D # 16: Quando mi dico, durante la meditazione, che non sono un corpo e sono libero sento la pace della mente. Ma, non appena apro gli occhi, eccolo qua – il mio corpo. Ciò non mi disturba ma mi confonde. Quando mi guardo sento di essere bello, ma mi preoccupa il fatto che potrei semplicemente nutrire il mio ego nuovamente piuttosto che apprezzare quello che ho. E’ un enigma. Avresti qualcosa da dirmi a proposito?

 

R: Sebbene il Corso ci dica in molti punti  che non siamo il corpo (es. Lezione 199 e le lezioni di ripasso seguenti), riconosce altresì che abbiamo un forte investimento nel vederci come corpo. Gesù osserva: “Guardati e vedrai un corpo. … senza la luce sembra che non ci sia più. Tuttavia ti rassicura il fatto che è sempre lì perché puoi continuare a sentirlo con le mani e udirlo muoversi. Ecco l’immagine che tu vuoi sia te stesso. E’ il mezzo perché il tuo desiderio diventi realtà.” (T.24.VII.9:1,3,4,5,6 corsivo aggiunto).

Possiamo avere brevi esperienze durante le quali ci sembra di trascendere la nostra identificazione corporea, come dici tu, ma è improbabile riuscire a mantenerle per un certo periodo di tempo perché in realtà non lo vogliamo. Il nostro “desiderio avveratosi” è vederci  come sé separati, speciali, individuali e il nostro corpo ne afferma l’identità. Il Corso ci dice che, sebbene siamo coloro i quali hanno scelto e fatto di questo sé limitato la nostra identità (nella fantasia ma non nella realtà), non abbiamo voluto accettare la responsabilità di questa decisione. E questo perché, profondamente sepolta nel nostro inconscio, c’è la credenza (inventata) che abbiamo conquistato questo sé separato attaccando l’Unità di Dio e la nostra vera Identità in quanto spirito, un peccato orrendo di distruzione e omicidio secondo il nostro ego. Così, una volta che sembriamo essere corpi nati da altri corpi, la nostra esistenza separata non sembra affatto essere una nostra invenzione. I nostri genitori ci hanno fatto. E possiamo addirittura credere, per la delizia del nostro ego, che in qualche maniera Dio sia stato implicato in questa speciale “creazione” del nostro sé individuale, come insegnano molte religioni.

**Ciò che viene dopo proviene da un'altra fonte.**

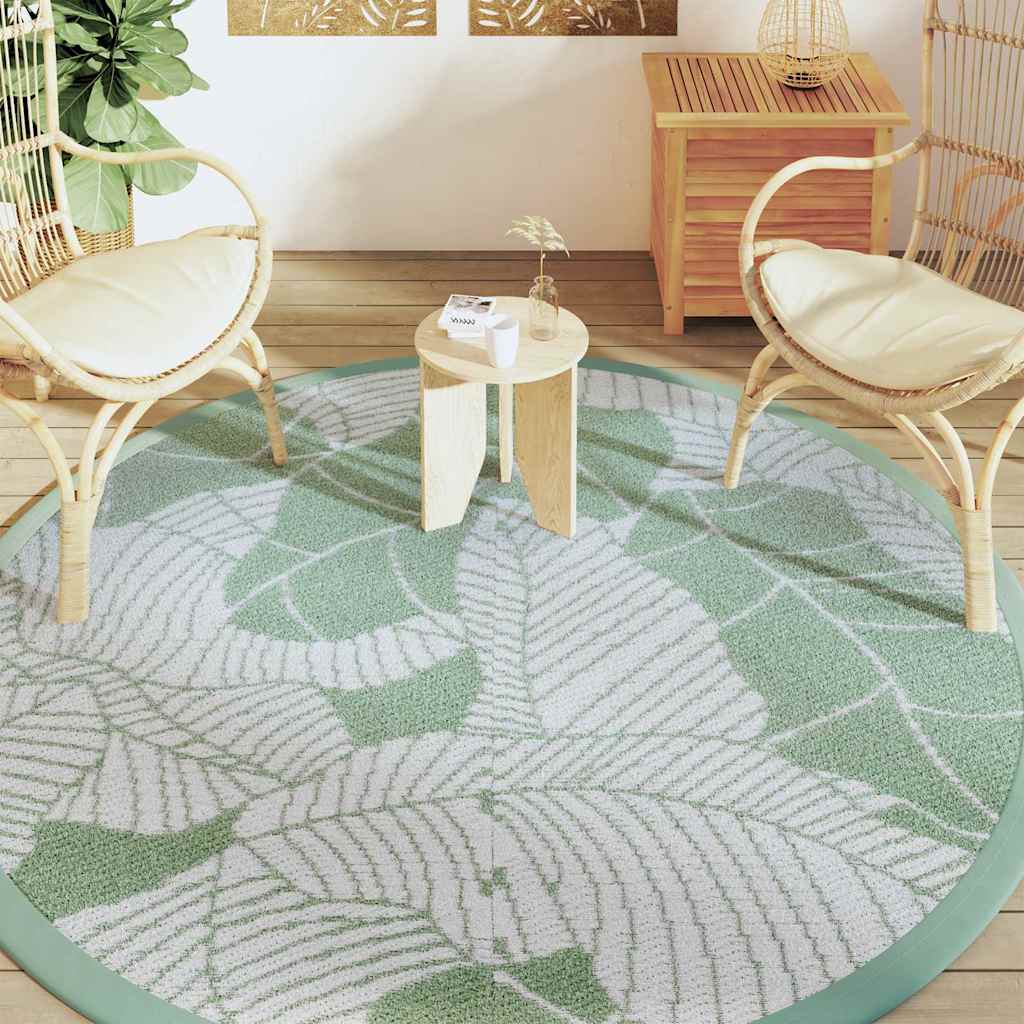 Tappeto da Esterno ARAKIL Verde Ø200 cm in PP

Così l’obiettivo del Corso, sapendo quanto siamo fortemente identificati col nostro corpo e quanto abbiamo paura di lasciare andare la protezione che crediamo ci dia, non è di farci lasciare la nostra identificazione corporea (che succede soltanto alla fine). Il Corso ci istruisce su come dare al nostro corpo uno scopo diverso dallo scopo originale dell’ego fatto di peccato, colpa e paura. Con l’aiuto dello Spirito Santo il corpo diventa un veicolo per imparare le nostre lezioni di perdono nel contesto delle nostre relazioni con i nostri fratelli e sorelle, visti anch’essi come corpi. E continueremo a vedere noi stessi e  tutti gli altri come corpi fino a che il processo del perdono non sarà completato e non avremo più alcun residuo di colpa nella nostra mente contro la quale abbiamo bisogno che il nostro corpo ci difenda.

E, per quanto riguarda il vedersi belli, non c’è nulla di sbagliato a proposito fintantoché comprendi che quando il Corso parla di quanto siamo belli (es. L.pII.313.2:2), non sta parlando del nostro corpo fisico o della nostra personalità. Si sta riferendo alla bellezza riflessa del Cristo in tutti noi, una bellezza che tutti noi condividiamo ugualmente in quanto spirito.